First of all, what is Data Quality? Generally speaking, data is of high quality when it satisfies the requirements of its intended use for clients, decision-makers, downstream applications and processes. A good analogy is the quality of a product produced by a manufacturer, for which good product quality is not the business outcome, but drives customer satisfaction and impacts the value and life cycle of the product itself. Similarly, the quality of the data is an important attribute that could drive the value of the data and, hence, impact aspects of the business outcome, such as regulatory compliance, customer satisfaction, or accuracy of decision making. Below lists 5 main criteria used to measure data quality:
-
Accuracy: for whatever data described, it needs to be accurate.
-
Relevancy: the data should meet the requirements for the intended use.
-
Completeness: the data should not have missing values or miss data records.
-
Timeliness: the data should be up to date.
-
Consistency: the data should have the data format as expected and can be cross reference-able with the same results.
The standard for good data quality can differ depending on the requirement and the nature of the data itself. For example, the core customer dataset of a company needs to meet very high standards for the above criteria, while there could be a higher tolerance of errors or incompleteness for a third-party data source.

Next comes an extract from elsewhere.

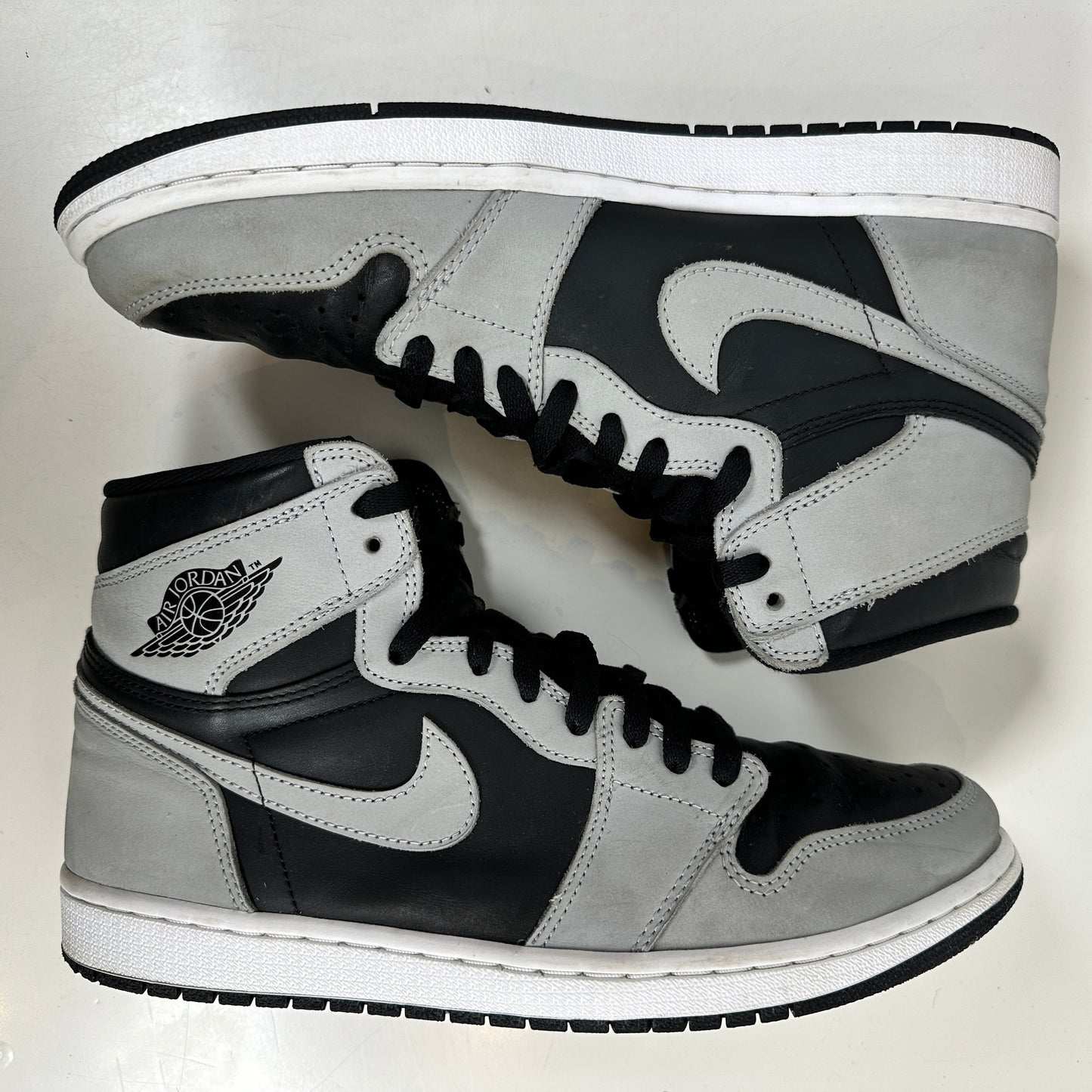 555088 035 Jordan 1 Sombra 2.0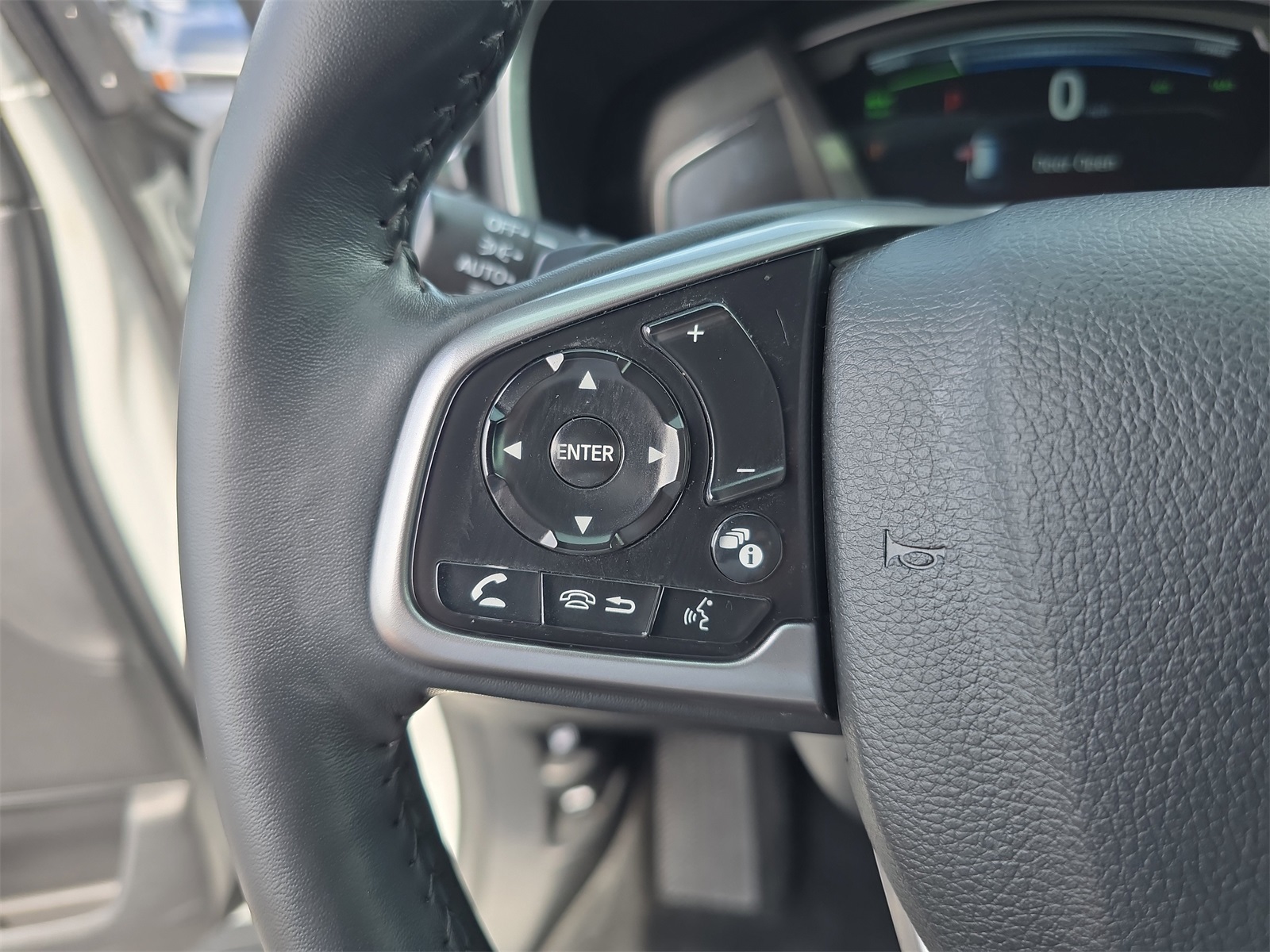 2022 Honda CR-V Hybrid Touring photo 21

For an organization to deliver data with good quality, it needs to manage and control each data storage created in the pipeline from the beginning to the end. Many organizations simply focus on the final data and invest in data quality control effort right before it is delivered. This is not good enough and too often, when an issue is found in the end, it is already too late – either it takes a long time to find out where the problem came from, or it becomes too costly and time consuming to fix the issue. However, if a company can manage the data quality of each dataset at the time when it is received or created, the data quality is naturally guaranteed. There are 7 essential steps to making that happen:
.
1. Rigorous data profiling and control of incoming data
.
In most cases, bad data comes from data receiving. In an organization, the data usually comes from other sources outside the control of the company or department. It could be the data sent from another organization, or, in many cases, collected by third-party software. Therefore, its data quality cannot be guaranteed, and a rigorous data quality control of incoming data is perhaps the most important aspect among all data quality control tasks. A good data profiling tool then comes in handy; such a tool should be capable of examining the following aspects of the data:
-
Data format and data patterns
-
Data consistency on each record
-
Data value distributions and abnormalies
-
Completeness of the data
It is also essential to automate the data profiling and data quality alerts so that the quality of incoming data is consistently controlled and managed whenever it is received – never assume an incoming data is as good as expected without profiling and checks. Lastly, each piece of incoming data should be managed using the same standards and best practices, and a centralized catalog and KPI dashboard should be established to accurately record and monitor the quality of the data.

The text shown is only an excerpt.